2) The storms are not only frequent but somewhat regular. The professor was confident in his assumptions on when storms would hit the peaks.
3) Once the storms have collided with the mountains they do not roll over the peaks and peeter away naturally but instead dissipate almost instantaneously.
Professor Urogar was able to find the perfect place for his machine, but a small assembly of ogres were planted there firmly. The professor, in what can only be stated as obtuse recklessness, approached the ogres commanding them "leave". To their credit the ogres cared little for the words of the professor stating only that they were suffering stomach pains after gorging on a certain flower. The flower was obviously toxic, and so a deal was struck wherein we would cure them of their pains and they would leave the peak to our experiments.
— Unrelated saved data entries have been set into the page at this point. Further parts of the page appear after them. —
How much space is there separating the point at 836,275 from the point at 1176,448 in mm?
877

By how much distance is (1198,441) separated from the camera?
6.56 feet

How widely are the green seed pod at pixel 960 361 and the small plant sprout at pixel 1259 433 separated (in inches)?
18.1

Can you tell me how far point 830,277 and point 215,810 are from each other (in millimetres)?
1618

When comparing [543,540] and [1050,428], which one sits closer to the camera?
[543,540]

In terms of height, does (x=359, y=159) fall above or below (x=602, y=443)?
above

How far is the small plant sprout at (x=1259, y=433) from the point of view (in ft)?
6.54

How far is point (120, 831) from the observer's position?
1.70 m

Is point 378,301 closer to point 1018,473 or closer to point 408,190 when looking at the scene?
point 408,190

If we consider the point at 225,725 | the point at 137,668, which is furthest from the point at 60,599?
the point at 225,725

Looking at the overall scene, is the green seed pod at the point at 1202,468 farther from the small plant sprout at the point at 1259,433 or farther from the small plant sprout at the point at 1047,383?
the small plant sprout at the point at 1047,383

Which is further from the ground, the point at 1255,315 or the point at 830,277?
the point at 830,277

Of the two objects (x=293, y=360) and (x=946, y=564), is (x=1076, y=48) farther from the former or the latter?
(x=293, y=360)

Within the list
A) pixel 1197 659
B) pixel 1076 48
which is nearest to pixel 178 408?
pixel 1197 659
Rhossyn was quick to locate the proper flora for a gastrointestinal relief compound and I ground them into a paste which was added to some water to make the remedy easily consumed (and less flower-like should they have trauma). The ogre happily left stating their intent to find halflings to devour and the site was ours. When the storm finally came it was awe-inspiring. Shear winds whipping at the skin, so forceful the grasses and moss might be lifted up with the rain. Most striking was the lightning though. An array of color and show of grandeur I had never before witnessed. Though it was somewhat spoiled when I had to pour the last of my magic into the meteorological device to keep it functional.
Nonetheless our task was complete. Rhossyn spoke to me in Juddall that perhaps the cause of the halfling deaths in Underhill we'd read about may be attributed to the ogres we'd allowed to live in the Aegis Peaks. I thought it a coincidence they'd mentioned halflings as they left, but to assuage my friend's concerns (and to line our pockets a bit more) I agreed to traveling to Underhill to investigate. The travel was placid, but the Underhill area was marked by great divots in the earth. After some guidance from a resident hiding in their home, we were lead to the elder. An elderly, though unabashed, halfling and a half-orc, quite martially competent. From their testimony we discerned that the creature in question was not one of the ogres we'd encountered, but instead a subterranean ambush predator known as the bulette. And we have set our sights on hunting it.